Vol.8 2025.10.14
ベトナム株式市場の今後を考える

写真はイメージです
(photo AC)

成長するベトナム株式市場
 グエン・バン・タン財務相は英株価指数算出会社FTSEに対してベトナムの株式市場をフロンティア市場から第2新興国市場に格上げして欲しいと要請している。現在、年内には格上げされるのではないかと囁かれており、これを受けて株式が高騰している。
※FTSEは各国市場を 「先進国市場」 「新興国市場」 「第2新興国市場」 「フロンティア市場」に分類
 VN指数(ベトナム株式指数)は1,600を超える水準で推移している。この4月、トランプ大統領がベトナムを含めた世界各国に対して一方的に関税を課すと言った際には1,100を割る水準にまで急落したが、米国との関税交渉が妥結すると急回復した。8月に入ってからは2022年1月3日に付けた過去の最高値1,526を上回る水準を維持している。
 現在ベトナムの株式市場には1,600社余りが上場しており、時価総額は3,200億ドルとGDPの70%程度に達している。 海外の機関投資家は社内規定でフロンティア市場への投資を禁じているケースが多いために、格上げになれば海外から60億ドルから80億ドル程度の資金が新たに流入するとされる。このことが強気相場を産んでいる。
 この10年ほどベトナムの株式市場は順調に成長してきた。2015年のVN指数は500程度だったが約3倍に成長した。その間、2020年3月にはコロナショックによる急落などを経験したが、大きな目で見れば順調な成長と言えよう。

中国株式市場との比較
 ここでベトナム株式市場の今後を占うために、中国の株式市場を見てみたい。それはどちらも政治は共産主義、経済は市場主義であるためだ。ここで問題になるのがこのような体制における情報管理のあり方である。共産主義における情報管理は米国、西欧、日本などとは大きく異なる。
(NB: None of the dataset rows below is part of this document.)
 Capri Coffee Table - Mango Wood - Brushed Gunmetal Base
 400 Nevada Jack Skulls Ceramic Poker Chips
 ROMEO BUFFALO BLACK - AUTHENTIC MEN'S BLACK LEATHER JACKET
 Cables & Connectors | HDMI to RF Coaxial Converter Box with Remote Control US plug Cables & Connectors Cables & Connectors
 中国経済は驚異的な発展を遂げたが、株式市場はあまり成長しなかった。中国の代表的な株式指数である上海総合指数は過去30年に大きく2回高騰したが、その直後に急落している。1回目は2007年、2回目は2015年である。2007年に上海総合指数は5,858まで上昇したが、それがこれまで最高値になっている。
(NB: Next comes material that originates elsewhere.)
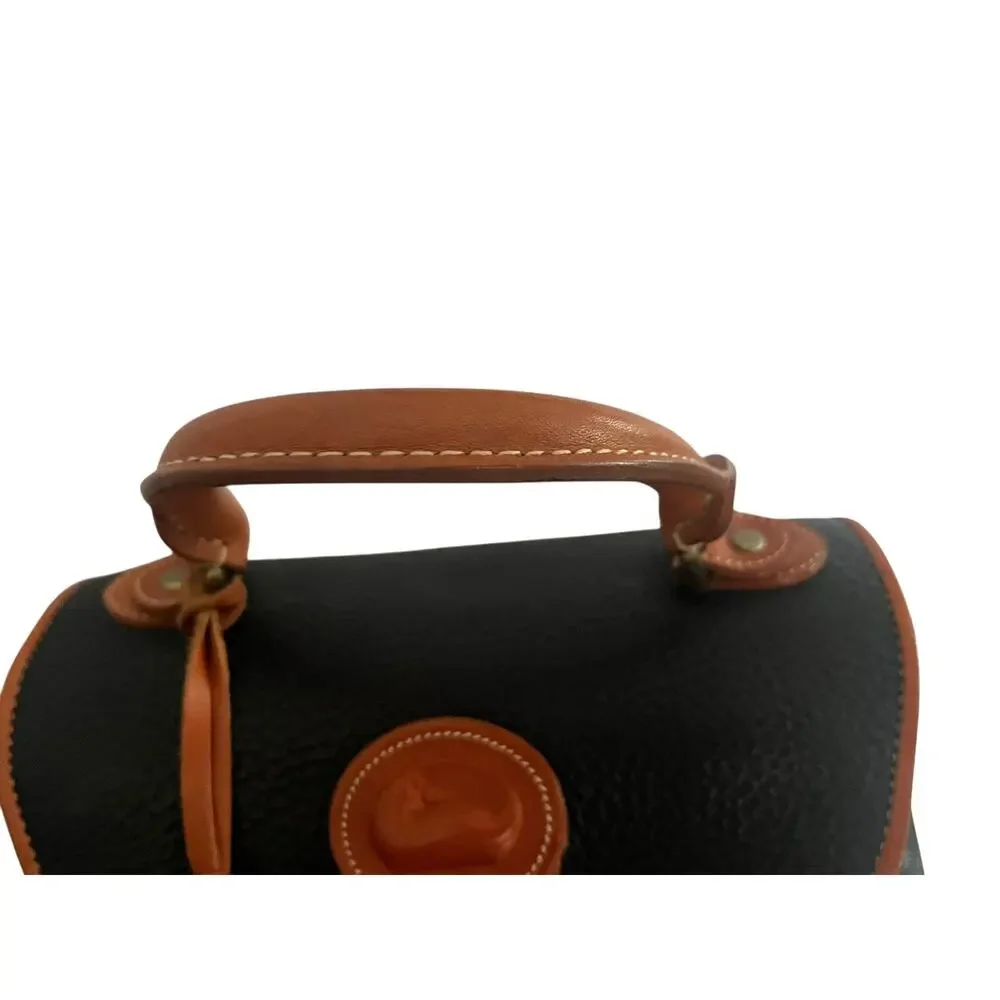 Vintage Dooney & Bourke Medium Essex Carrier Black Satchel Tote Doctor Bag - Picture 8 of 16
 昨年秋には2,800程度にまで低下した。その後中国共産党が経済対策を打ち出したことを受けて上昇に転じたが、それでも3,800程度に留まり2007年のピーク値を遥かに下回っている。
 一方で中国経済は成長し続けている。一人当たりGDPは2000年には969ドルに過ぎなかったが、2024年は13,303ドルになった。脅威の成長である。それにもかかわらず上海総合指数は乱高下して、あまり上昇していない。これをどのように考えれば良いのであろうか。

格付けアップだけでなく、望まれるのは信頼性
 その理由を解き明かすことは難しいが、米国に次ぐ経済大国になっても中国政府が発表するデータの信頼性が低いことが関係していると思っている。海外の投資家だけでなく中国国内の投資家も、中国の株式市場は透明性が低く信頼性に欠けると考えている。多くの投資家が株式市場をギャンブルの場と思っている。
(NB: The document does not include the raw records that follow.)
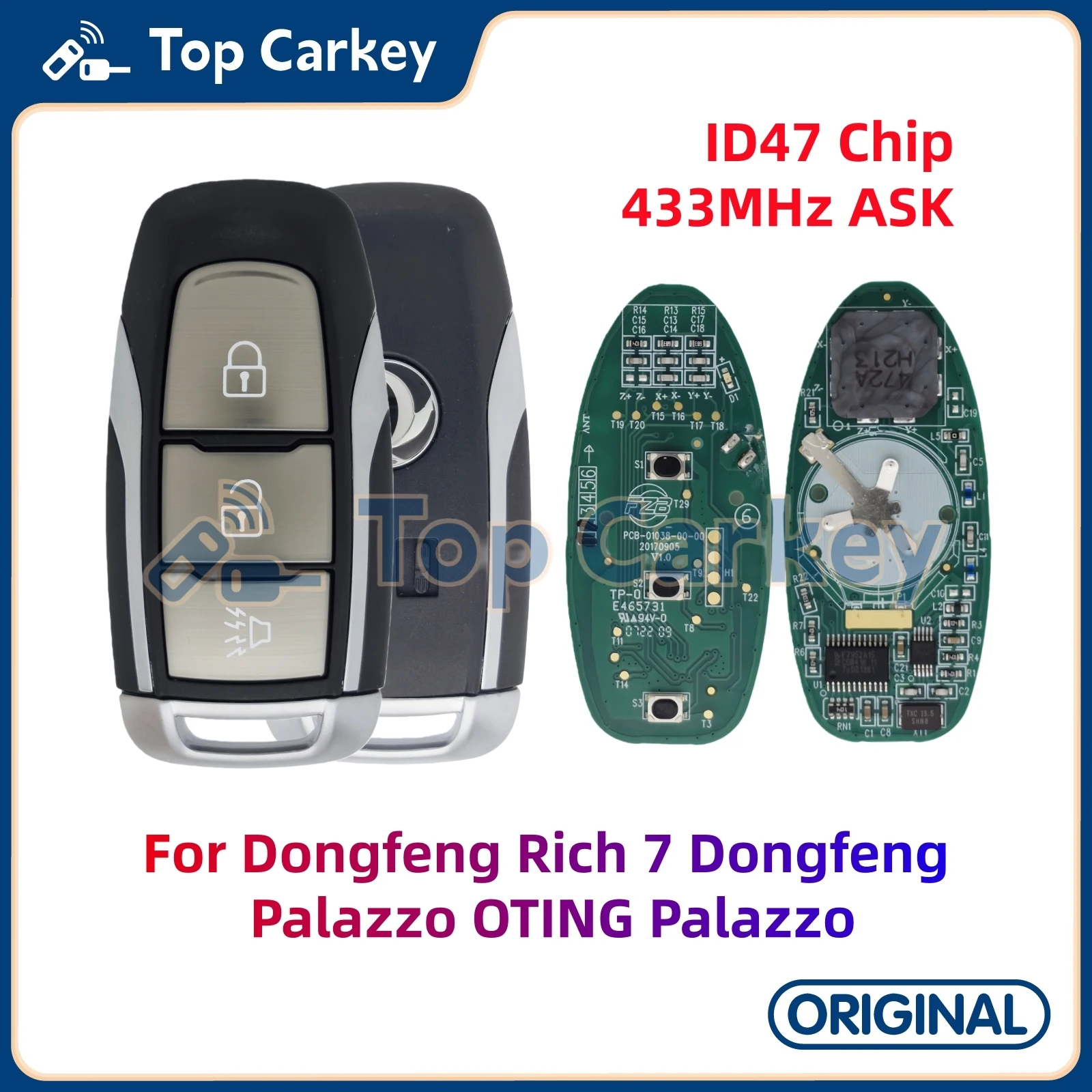 

TopCarkey Original Smart Remote Key ID47 HITAG3 Chip 433MHz for Dongfeng Rich 7 Dongfeng Palazzo OTING Palazzo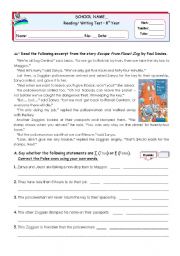 Escape from Planet Zog - Reading Comprehension Test  for 7/8th graders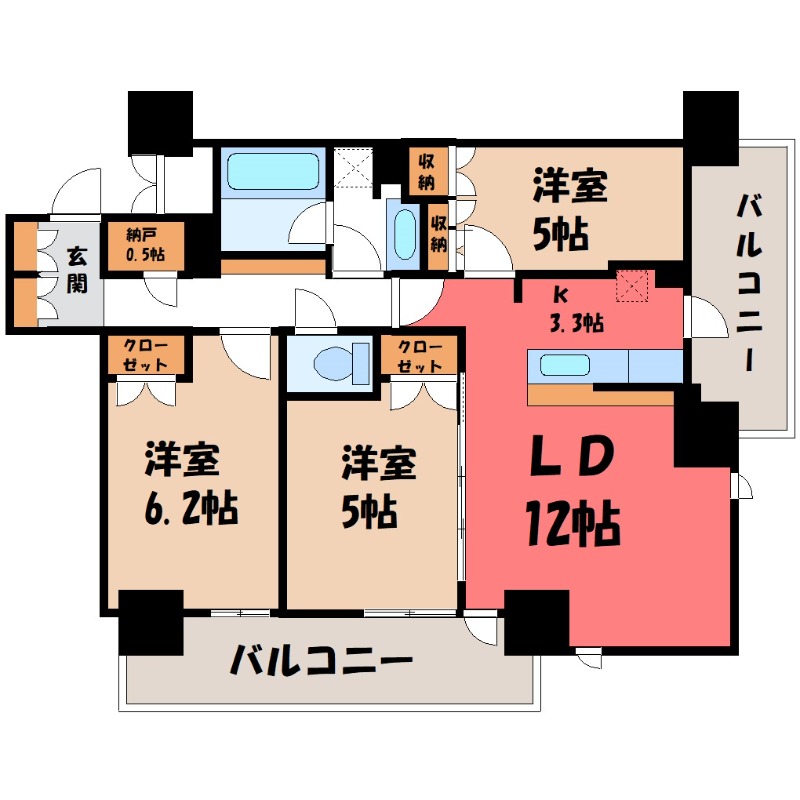 宇都宮市馬場通りのマンションの間取り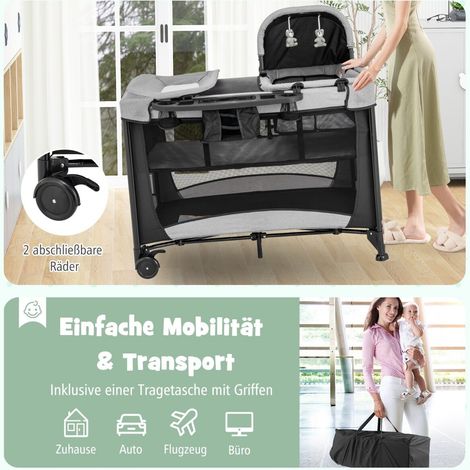Lit bébé pliable 5-en-1 noir et gris avec berceau amovible, table à langer et roulettes, pour chambre, voyage et salon (1/5)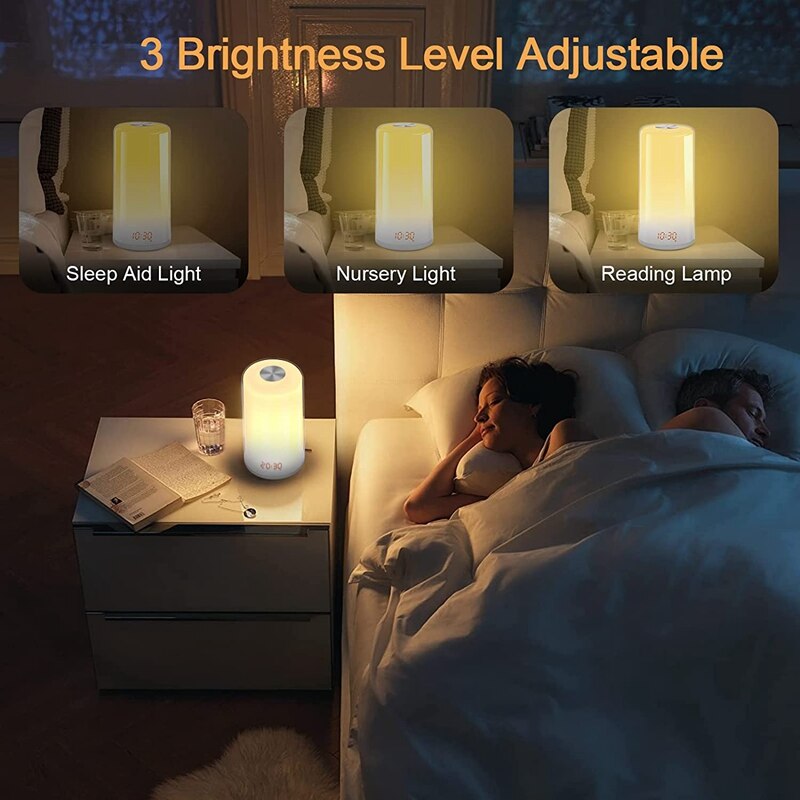 Wake Up Light Sunrise Simulation Alarm Clock For Kids Heavy Sleepers Bedroom With Sleep Aid Dual Alarms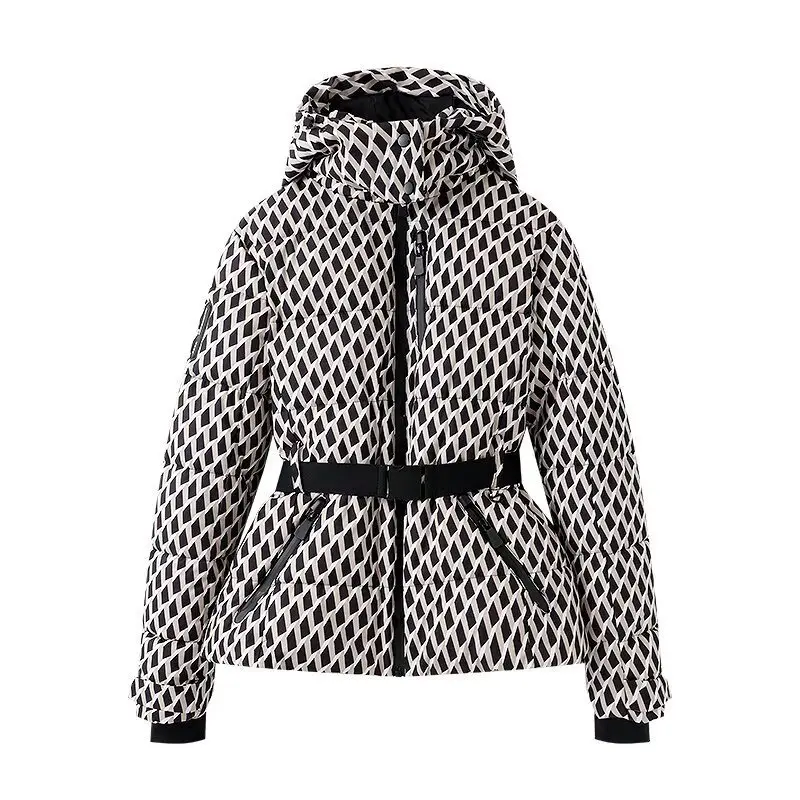 Parkas Women Mid Length Coats Hooded Thick Warm Print Coat Full Sleeve Y2k Streetwear Elegant Jacket Outerwear Autumn Winter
 もう一つ中国の欠点は、政府の株式市場への介入である。不動産バブルの崩壊を受けて上海総合指数は大きく下落していたが、それを受けて政府が「大口投資家に株を売るな」などとの指令を出していると囁かれている。このようなことが噂される市場は成長しない。
 ベトナム株式市場は中国と同様の問題を抱えている。企業が公表するバランスシートなどは信頼性が低い。またインサイダー取引の噂が絶えない。そのような噂がどこまで本当か分からないが、このような状況を改善しない限り、株式市場が順調に成長することはないであろう。
 ベトナム政府は英国の格付け会社に格付けのアップを要請するだけでなく、上場している会社に正確な会計報告を常に行うように強く指導する必要がある。またインサイダー取引に対しても監視の目を強めるべきだ。ベトナム政府は中国を他山の石として、証券市場の成長戦略を考えて行く必要がある。
川島 博之
ベトナムVINグループ主席経済顧問
Jパートナーズ顧問
農林水産省農業環境技術研究所主任研究官、ロンドン大学客員研究員、東京大学大学院農学生命科学研究科准教授などを経て、現職。
主な著書に『農民国家・中国の限界』『「食糧危機」をあおってはいけない』『「食糧自給率」の罠』『極東アジアの地政学』。